Humans are creatures of habit, which makes change a scary thing. God certainly called St. Elizabeth to change directions many times over the course of her life, even change her vocation! Elizabeth remained faithful and constant in the moment, while exercising abandonment to the will of God to respond freely as her circumstances changed. Elizabeth demonstrates how we do not become saints overnight, but grow through a day-by-day process of seeking forgiveness and correction every step of the way.
Faithfulness in Failure
“We know certainly that our God calls us to a holy life. We know that he gives us every grace, every abundant grace; and though we are so weak of ourselves, this grace is able to carry us through every obstacle and difficulty.”
Growing up in a prosperous family, Elizabeth enjoyed a happy and fruitful marriage, blessing her with five children. Together with her husband William, to whom she was very much in love, they inherited a successful business on Wall Street. But in a short period of time, all that changed. William’s business failed and went bankrupt.
Elizabeth knew success very early on, but learned firsthand the difference between success and faithfulness. As an American saint, Elizabeth powerfully challenges the American tendency to view outward success as an indisputable sign of God’s grace. The experience awakened in Elizabeth a newfound love of the poor, as well as a deeper understanding of the will of God in the midst of many obstacles and difficulties on the path to a holy life.
Trust During Tragedy
“The accidents of life separate us from our dearest friends, but let us not despair. God is like a looking glass in which souls see each other. The more we are united to Him by love, the nearer we are to those who belong to Him.”
Not long after her family went bankrupt, Elizabeth and her husband William moved to Italy, where he became sick and died of Tuberculosis. Elizabeth had already lost her mother and sister early in life. Following her husband’s death, Elizabeth found consolation and hope in visiting and praying in various churches throughout Italy, and felt especially drawn to the Eucharist and the Blessed Virgin Mary even though she was still Episcopalian. Her experience planted seeds for her entrance into the Catholic Church.

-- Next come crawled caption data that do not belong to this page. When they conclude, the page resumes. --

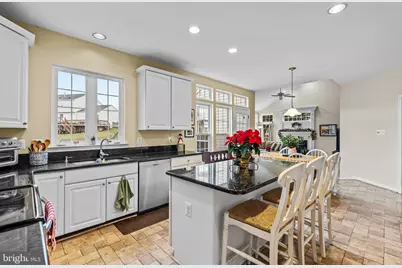 4805 Bennington Place E, Jefferson, MD 21755 - Photo 13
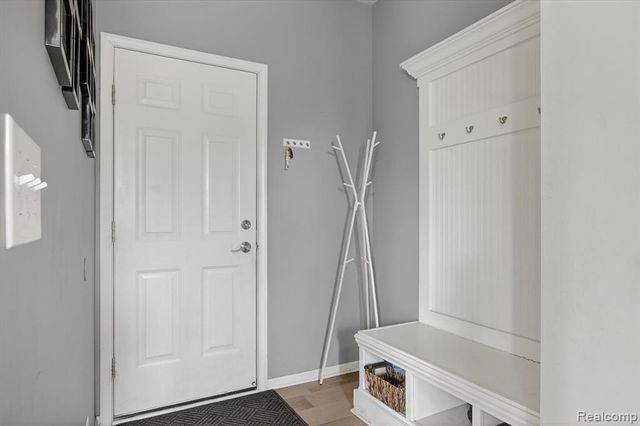 985 Truman Drive, Canton, MI 48188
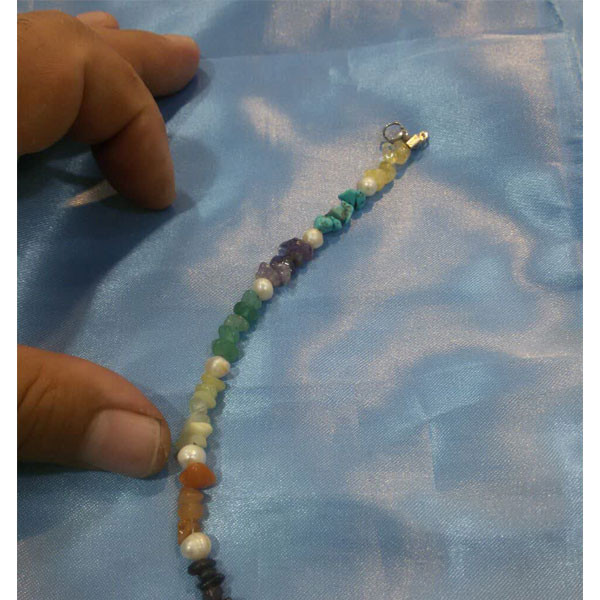 دستبند زنانه مدل هفت چاکرا و مروارید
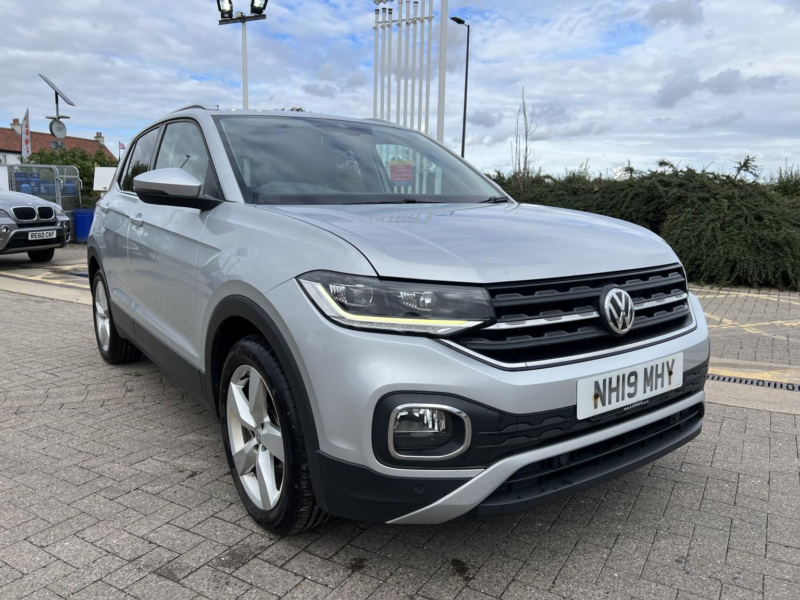 2019 Volkswagen T-Cross 1.0 Tsi Sel in Silver — image 1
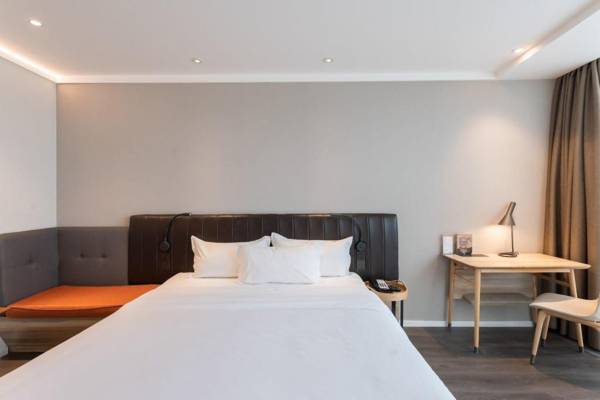 Hanting Premium Hotel Taizhou Zhongjia Decoration Mall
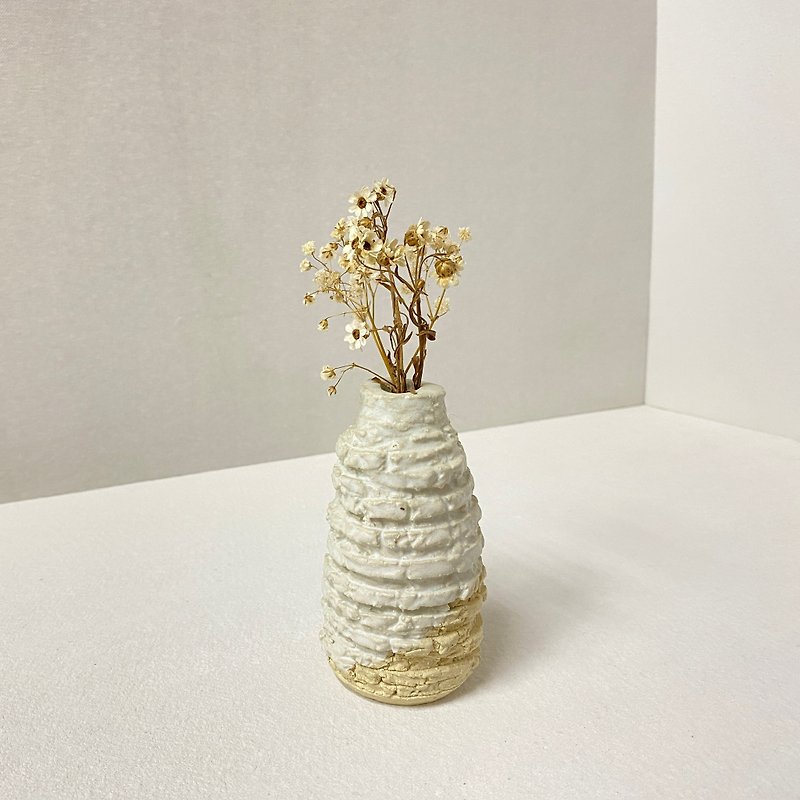 【永皴燒】手工陶瓷 小型花器 花瓶 生活家飾 - 花瓶/陶器 - 瓷 白色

Many of us, myself included, have experienced tragedy strike at the heart of a family. Elizabeth demonstrates that tragedy, though profoundly shaking, need not lead to despair, but an invitation to rely even more on the will of God.
Rejoice Despite Rejection
“Afflictions are the steps to heaven.”
When news of Elizabeth’s conversion in 1805 became public, many parents removed their children from the school where Elizabeth taught in Baltimore (after returning from Italy) and other friends no longer associated with her. Used to being a well-liked socialite, this experience must have been painful. Despite feelings of rejection, Elizabeth did not become bitter, defensive, or lose her natural joy and generosity. Instead, Elizabeth teaches us that following the will of God opens us to greater love and acceptance of others, not enmity with them.
The tragedies and setbacks in Elizabeth’s life were not enough to keep her from trusting the will of God. In her own words, “God has given me a great deal to do, and I have always and hope always to prefer his will to every wish of my own.” Let us approach this new year as St. Elizabeth Ann Seton would have, eager to both desire and do the will of God. Consider starting off 2017 with this novena to St. Elizabeth Ann Seton starting tomorrow, January 4th. Pray in a special way to desire, know, and follow the will of God as St. Elizabeth Ann Seton did.
St. Elizabeth Ann Seton, pray for us!